THE LAUREATE: Harry Martinson was orphaned at birth. He ran off to join the merchant marine when he was 16 and had to go back to shore a few years later, during which time he wandered Sweden as a bum (lots of authors did this for some reason), so this should not in itself put us off him.) His creative output was fairly large, and includes quite a lot of poetry. Following controversy for his being awarded the Nobel (considering that he was a member of the Swedish academy and had been for 25 years), Martinson killed himself with a pair of scissors.
WHAT DO YOU KNOW ABOUT HIM?: Well, I’ve been making a joke out of what I’ve been reading for a while now. A Swedish science fiction epic poem? What? This is the kind of thing that, at first glance, makes me question the Nobel prize as an objective measure of literary quality. Maybe it will continue to do so.
WHAT ARE YOU READING?: Haven’t you been paying attention? I’m going to read ANIARA: A REVIEW OF MAN IN TIME AND SPACE.
REVIEW: I’ve got to admit, as much as I’ve been making fun of this the last few weeks, ANIARA: A REVIEW OF MAN IN TIME AND SPACE is actually really, really good. The basic plot is this: in the distant future, after mankind destroyed itself and then grew itself back, terrible things happened on Earth. Someone orders people ferried to Mars in these huge ships called golgondas. The Aniara, on a routine people-dumping mission, gets thrown off-course by a meteor that no one saw coming and is flung off irretrievably into the depths of space.
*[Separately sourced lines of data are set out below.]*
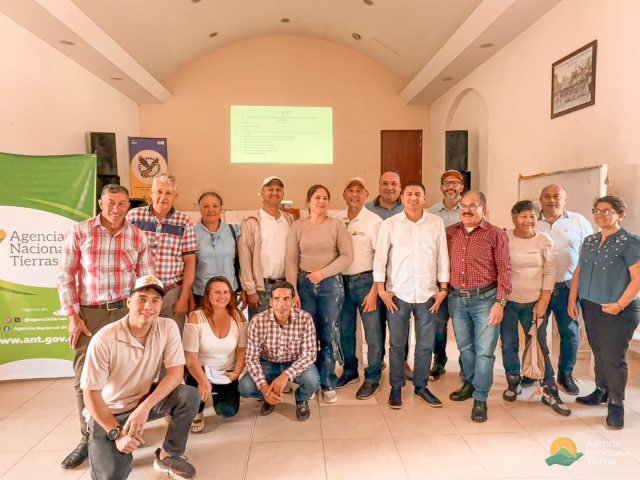 representantes-campesinos-electos-comite-reforma-agraria-santander-reunidos-en-salon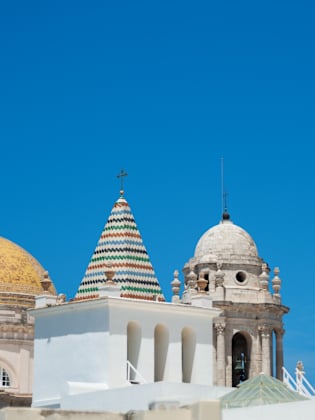 Die Dächer der Kirchen von Cádiz © Ewald Fröch - stock.adobe.com
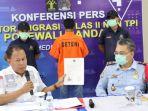 berlangsungnya-konferensi-pers-di-kantor-imigrasi-kelas-ii-non-tpi-polewali-mandar-27072022.jpg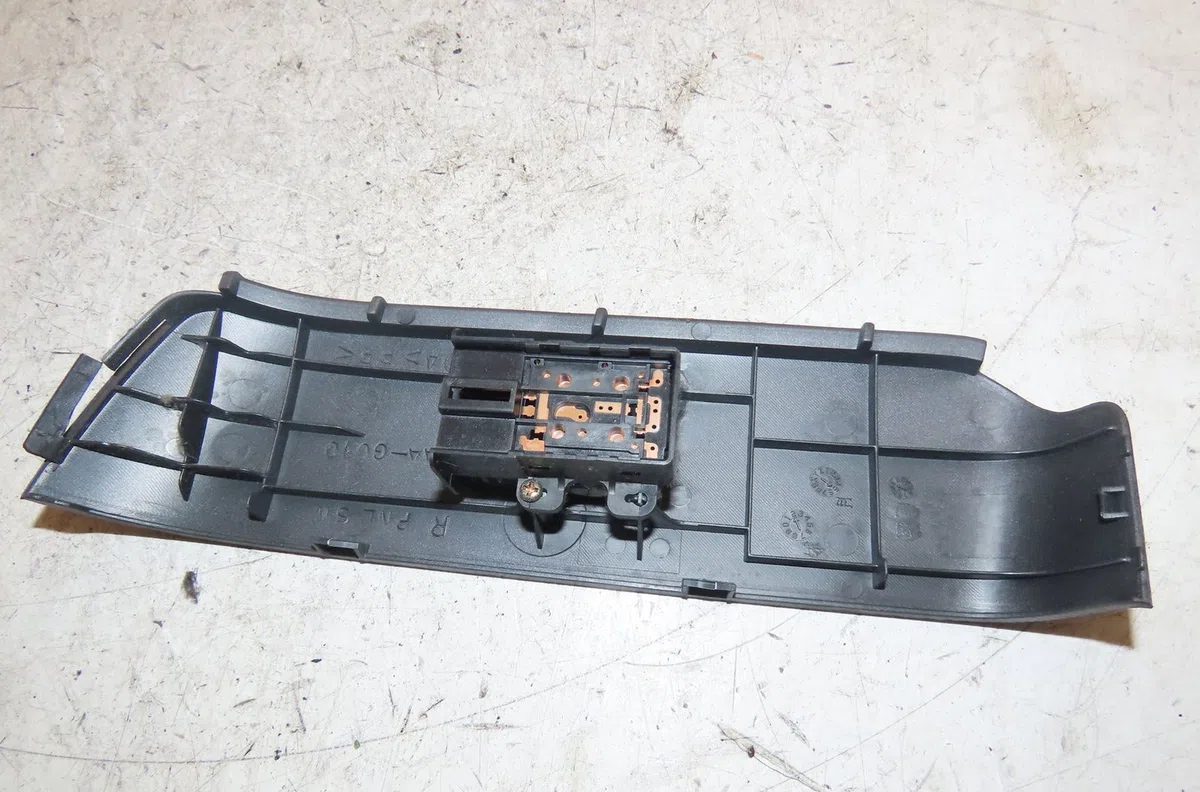 Commande lève-glace porte avant droite Honda JAZZ II (GD_, GE3, GE2) 1.2 i-dsi (gd5, ge2) (2002-2008) 5 portes occasion — photo 2
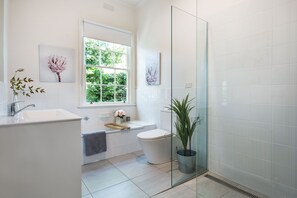 บ้านพัก, 1 ห้องนอน, วิวสวน | ห้องน้ำ | ฝักบัว, ไดร์เป่าผม, ผ้าเช็ดตัว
It has an AI computer that can pick up electromagnetic broadcasts and generally figure things out at long distances, but after it sees one of the major cities on Earth nuked, it kills itself. The remainder of the poem is about how the people trapped on this ship spend their time with the shadow of death looming over them. It is surprisingly effective.
DO YOU RECOMMEND IT?: Yes, if you can find it. Aniara has been out of print for forty years now, I think.
WHAT’S NEXT: T.S. Eliot and The Waste Land, and I guess I need to do Dario Fo still.